▼
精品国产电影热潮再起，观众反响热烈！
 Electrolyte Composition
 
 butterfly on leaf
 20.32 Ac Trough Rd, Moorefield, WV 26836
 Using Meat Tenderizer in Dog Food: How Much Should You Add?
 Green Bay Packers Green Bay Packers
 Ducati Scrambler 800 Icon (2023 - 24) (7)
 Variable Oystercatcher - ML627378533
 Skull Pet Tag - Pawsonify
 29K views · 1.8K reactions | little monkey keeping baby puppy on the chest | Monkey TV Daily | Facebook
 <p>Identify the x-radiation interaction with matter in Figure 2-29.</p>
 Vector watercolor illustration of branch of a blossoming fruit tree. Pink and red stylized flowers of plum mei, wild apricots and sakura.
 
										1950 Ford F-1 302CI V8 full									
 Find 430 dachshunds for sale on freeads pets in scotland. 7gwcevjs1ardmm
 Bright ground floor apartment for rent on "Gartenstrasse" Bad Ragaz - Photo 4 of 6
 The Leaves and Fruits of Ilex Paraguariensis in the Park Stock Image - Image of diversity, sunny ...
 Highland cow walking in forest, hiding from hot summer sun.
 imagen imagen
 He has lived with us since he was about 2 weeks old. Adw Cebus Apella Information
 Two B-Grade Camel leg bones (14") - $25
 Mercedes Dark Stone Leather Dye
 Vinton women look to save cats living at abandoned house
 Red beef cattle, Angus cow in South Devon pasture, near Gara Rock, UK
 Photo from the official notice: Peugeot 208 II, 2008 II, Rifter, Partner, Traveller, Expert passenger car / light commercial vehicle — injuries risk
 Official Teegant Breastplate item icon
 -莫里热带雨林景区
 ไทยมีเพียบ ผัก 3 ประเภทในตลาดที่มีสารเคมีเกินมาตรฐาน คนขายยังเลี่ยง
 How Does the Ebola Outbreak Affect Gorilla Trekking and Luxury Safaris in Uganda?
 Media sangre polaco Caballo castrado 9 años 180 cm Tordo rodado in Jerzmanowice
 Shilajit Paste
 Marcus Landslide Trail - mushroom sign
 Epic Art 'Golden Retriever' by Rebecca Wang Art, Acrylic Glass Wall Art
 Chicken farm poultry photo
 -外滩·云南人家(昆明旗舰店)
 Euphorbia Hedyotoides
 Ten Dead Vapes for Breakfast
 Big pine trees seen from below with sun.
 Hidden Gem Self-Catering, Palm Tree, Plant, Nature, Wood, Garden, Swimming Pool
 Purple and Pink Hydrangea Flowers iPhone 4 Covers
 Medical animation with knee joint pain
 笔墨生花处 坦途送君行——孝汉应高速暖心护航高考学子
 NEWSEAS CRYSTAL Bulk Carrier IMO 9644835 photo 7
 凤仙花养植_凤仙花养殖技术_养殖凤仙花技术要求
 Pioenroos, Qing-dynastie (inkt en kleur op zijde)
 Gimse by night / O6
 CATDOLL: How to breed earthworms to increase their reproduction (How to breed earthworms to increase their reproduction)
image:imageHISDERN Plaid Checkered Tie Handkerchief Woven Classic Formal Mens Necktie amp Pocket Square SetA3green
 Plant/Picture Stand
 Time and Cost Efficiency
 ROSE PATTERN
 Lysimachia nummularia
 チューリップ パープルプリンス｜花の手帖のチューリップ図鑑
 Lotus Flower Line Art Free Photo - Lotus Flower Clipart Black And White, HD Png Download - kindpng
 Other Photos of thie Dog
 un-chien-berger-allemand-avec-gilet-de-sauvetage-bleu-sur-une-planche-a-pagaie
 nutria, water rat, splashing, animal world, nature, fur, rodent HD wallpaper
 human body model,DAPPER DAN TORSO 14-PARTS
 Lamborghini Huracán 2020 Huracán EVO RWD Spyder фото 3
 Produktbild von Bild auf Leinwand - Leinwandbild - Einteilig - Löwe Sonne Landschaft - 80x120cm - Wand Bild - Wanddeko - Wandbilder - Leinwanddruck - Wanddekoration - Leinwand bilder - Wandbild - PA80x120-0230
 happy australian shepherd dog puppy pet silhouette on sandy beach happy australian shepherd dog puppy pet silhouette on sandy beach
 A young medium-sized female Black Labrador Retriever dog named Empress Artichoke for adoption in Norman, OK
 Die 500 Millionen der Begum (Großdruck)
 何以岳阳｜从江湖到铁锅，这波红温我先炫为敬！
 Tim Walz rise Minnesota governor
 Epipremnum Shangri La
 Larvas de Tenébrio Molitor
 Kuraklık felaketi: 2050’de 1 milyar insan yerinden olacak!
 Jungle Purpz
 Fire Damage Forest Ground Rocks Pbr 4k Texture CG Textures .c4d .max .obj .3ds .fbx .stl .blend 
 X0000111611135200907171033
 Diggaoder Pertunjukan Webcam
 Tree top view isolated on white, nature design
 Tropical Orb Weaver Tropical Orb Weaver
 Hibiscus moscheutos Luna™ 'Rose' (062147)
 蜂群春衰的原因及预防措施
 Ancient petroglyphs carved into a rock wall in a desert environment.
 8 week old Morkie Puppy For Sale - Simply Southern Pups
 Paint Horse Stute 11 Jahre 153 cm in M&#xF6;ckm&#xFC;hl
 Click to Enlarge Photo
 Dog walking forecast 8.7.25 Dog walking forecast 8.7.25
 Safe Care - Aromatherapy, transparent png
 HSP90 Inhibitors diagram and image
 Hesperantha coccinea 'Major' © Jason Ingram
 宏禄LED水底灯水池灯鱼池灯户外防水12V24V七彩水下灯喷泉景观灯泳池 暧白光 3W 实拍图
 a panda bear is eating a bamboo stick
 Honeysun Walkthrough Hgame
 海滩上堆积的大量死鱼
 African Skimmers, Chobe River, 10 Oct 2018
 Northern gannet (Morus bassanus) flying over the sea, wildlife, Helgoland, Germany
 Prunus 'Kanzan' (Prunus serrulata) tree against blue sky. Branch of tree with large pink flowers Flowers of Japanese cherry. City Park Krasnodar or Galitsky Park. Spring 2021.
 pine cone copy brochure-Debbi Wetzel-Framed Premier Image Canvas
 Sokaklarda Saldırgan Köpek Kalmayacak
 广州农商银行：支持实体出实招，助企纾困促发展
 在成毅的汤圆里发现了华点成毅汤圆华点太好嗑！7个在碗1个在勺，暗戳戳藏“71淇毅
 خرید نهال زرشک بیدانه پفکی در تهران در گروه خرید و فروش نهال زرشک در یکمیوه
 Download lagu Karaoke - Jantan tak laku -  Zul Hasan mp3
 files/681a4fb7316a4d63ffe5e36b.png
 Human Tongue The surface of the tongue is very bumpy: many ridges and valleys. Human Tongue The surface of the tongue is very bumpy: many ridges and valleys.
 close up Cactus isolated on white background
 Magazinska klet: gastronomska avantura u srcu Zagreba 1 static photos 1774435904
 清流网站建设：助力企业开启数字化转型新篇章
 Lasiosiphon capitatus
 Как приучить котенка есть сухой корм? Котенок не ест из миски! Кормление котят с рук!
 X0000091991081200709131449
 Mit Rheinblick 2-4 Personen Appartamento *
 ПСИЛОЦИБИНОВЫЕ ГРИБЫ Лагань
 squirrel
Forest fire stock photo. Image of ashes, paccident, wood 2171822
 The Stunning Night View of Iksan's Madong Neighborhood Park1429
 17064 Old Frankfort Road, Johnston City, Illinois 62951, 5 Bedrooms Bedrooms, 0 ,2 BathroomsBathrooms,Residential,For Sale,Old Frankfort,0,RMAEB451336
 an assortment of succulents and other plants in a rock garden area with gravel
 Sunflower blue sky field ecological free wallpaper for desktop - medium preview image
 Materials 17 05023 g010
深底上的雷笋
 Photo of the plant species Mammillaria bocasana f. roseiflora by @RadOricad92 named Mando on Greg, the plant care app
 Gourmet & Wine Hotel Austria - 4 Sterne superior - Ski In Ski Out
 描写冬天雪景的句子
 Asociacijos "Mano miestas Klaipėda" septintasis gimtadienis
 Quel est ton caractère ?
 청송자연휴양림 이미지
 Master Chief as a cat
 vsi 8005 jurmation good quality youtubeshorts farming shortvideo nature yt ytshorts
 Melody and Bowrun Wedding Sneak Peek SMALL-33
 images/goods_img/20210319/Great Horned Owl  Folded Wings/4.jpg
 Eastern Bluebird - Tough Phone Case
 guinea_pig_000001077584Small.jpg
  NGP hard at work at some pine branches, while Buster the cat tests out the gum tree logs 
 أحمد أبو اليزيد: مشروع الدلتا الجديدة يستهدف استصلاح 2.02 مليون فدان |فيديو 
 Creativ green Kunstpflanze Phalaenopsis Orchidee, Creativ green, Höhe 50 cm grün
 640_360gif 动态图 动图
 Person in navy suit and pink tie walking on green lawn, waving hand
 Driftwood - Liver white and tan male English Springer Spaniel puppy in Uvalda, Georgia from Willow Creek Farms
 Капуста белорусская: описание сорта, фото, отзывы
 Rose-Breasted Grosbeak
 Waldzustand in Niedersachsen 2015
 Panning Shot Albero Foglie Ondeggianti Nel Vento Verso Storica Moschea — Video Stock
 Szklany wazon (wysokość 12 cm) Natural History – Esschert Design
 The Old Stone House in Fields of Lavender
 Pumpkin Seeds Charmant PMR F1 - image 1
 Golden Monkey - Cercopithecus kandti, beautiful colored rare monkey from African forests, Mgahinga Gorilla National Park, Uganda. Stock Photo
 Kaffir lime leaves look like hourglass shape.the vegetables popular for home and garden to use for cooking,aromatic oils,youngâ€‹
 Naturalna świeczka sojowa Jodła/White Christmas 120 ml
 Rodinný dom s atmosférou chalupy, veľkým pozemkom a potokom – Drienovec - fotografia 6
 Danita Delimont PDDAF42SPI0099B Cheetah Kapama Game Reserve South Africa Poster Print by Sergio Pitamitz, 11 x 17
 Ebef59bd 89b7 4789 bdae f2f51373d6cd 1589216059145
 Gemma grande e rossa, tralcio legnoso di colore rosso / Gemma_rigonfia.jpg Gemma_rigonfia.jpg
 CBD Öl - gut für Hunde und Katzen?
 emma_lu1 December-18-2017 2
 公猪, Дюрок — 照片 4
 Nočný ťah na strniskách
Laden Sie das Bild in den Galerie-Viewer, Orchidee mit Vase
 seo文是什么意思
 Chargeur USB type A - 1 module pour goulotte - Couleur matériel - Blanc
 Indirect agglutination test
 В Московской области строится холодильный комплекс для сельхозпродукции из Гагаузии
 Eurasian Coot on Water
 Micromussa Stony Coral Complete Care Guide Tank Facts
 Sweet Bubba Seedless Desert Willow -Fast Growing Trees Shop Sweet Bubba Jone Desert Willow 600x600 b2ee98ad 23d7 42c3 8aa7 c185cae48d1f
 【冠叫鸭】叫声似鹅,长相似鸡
▲
▶ **Your assignment**:
Among the records, find each line where the word "African" occurs, and copy it.

▶ **Answer below**:
 African Skimmers, Chobe River, 10 Oct 2018
 Golden Monkey - Cercopithecus kandti, beautiful colored rare monkey from African forests, Mgahinga Gorilla National Park, Uganda. Stock Photo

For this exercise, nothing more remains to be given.